Ocean Race: Susann Beucke will Boris Herrmann bei Weltumseglung schlagen
Das Besondere bei Susann Beucke: Die Seglerin hat zum ersten Mal so viele Tage unter derartig extremen Bedingungen an Bord verbracht. Die geborene Kielerin ist erst vor einem guten Jahr ins Hochseesegeln eingestiegen, zuvor hat sie in der 49er Jolle zusammen mit Tina Lutz für den Norddeutschen Regatta Verein (NRV) gesegelt. Bei den Olympischen Sommerspielen in Tokio 2020 konnten die beiden Frauen die Silbermedaille gewinnen und erzielten damit für den Deutschen Segler Verband das beste Ergebnis seit 21 Jahren.
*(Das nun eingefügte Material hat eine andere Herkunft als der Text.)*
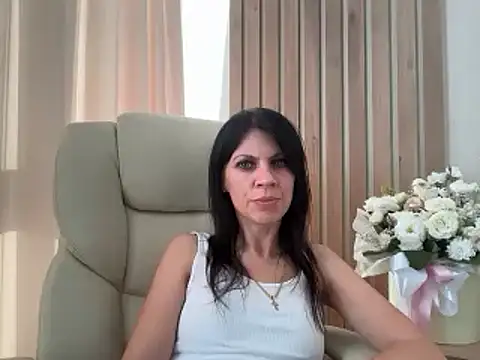 Snapshot of InjaAtHome chatting on July 21, 4:20 pm InjaAtHome online show from July 21, 4:20 pm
Und so haben die 17 Tage auf See, die erste Langstrecke unter härtesten Bedingungen, sie auch an ihre Grenzen gebracht, berichtet die 31-Jährige – in einer Form, die sie nicht erwartet hat. Das Segeln selbst im rauen Atlantik sei nicht das Problem gewesen, auch nicht die körperlichen Strapazen. Das Herausforderndste waren die Enge an Bord und die Kommunikation. „Drei meiner Mitsegler sind Franzosen. Die haben eigentlich immer auf Französisch untereinander gesprochen“, sagt Susann Beucke.
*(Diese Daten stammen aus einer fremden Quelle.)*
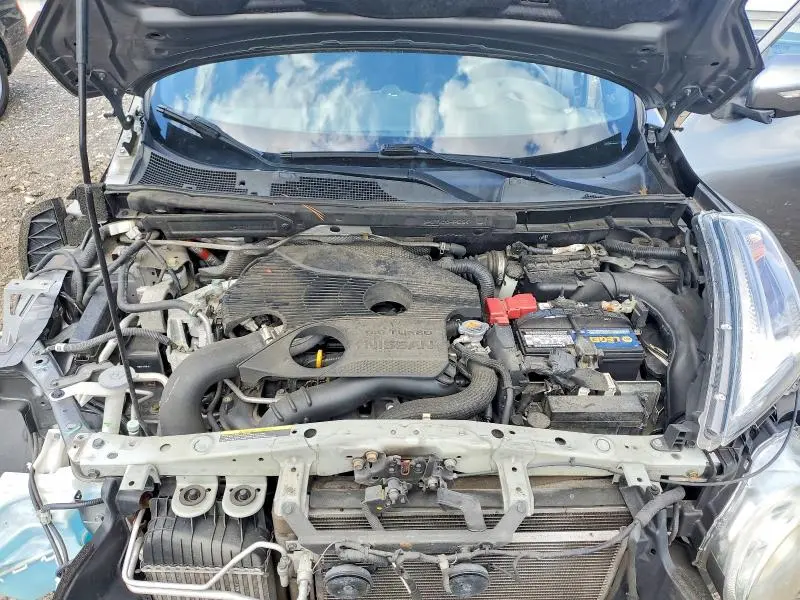 2015 NISSAN JUKE SV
Nur für sie und die Bord-Reporterin hätten sie bei Manövern ins Englische gewechselt. „Aber das Zwischenmenschliche, der Spruch hier, der Witz dort, das ist an mir vorbeigegangen.“ Susann Beucke sagt, dass sie zwar ganz gut Französisch spricht, „aber an Bord, bei dem Lärm und auf die Schnelle, da geht bei mir so einiges verloren.“ So habe sie sich hin und wieder ausgeschlossen gefühlt, ohne dass sie ausgeschlossen worden sei. „Damit habe ich irgendwie gar nicht gerechnet. Und vor allem hat es mir mehr zu schaffen gemacht, als ich erwartet hätte.“
Susann Beucke ist beeindruckt von ihrem Skipper Kevin Escoffier
Auch die große Hitze unter Deck sei zwischendurch schier unerträglich gewesen. „Ich hätte nie gedacht, dass einem diese Temperaturen so zusetzen.“ Aber bei mehr als 40 Grad sei an Schlaf nicht zu denken. „Und das kostet Kraft.“ Zudem habe sie sich dabei ertappt, genau auf jedes Geräusch des Bootes zu hören, besonders in der Dunkelheit. „Ich kenne das Boot ja noch nicht so gut und habe mich bei jedem unerwarteten Geräusch gefragt: War das jetzt gut oder nicht so gut?“
Beeindruckt habe sie ihr Skipper Kevin Escoffier. Der Franzose gilt als einer der besten Hochseesegler der Welt, er ist der Mann, den der Hamburger Extremsegler Boris Herrmann schlagen muss, wenn er das Ocean Race gewinnen will. Escoffiers Schiff war bei der Vendée Globe 2020 im Südpolarmeer gesunken, sein Leben hat er Konkurrent Jean Le Cam zu verdanken, der ihn aus dem Wasser holte. Auch Boris Herrmann hatte sich damals an der gefährlichen Rettungsaktion beteiligt.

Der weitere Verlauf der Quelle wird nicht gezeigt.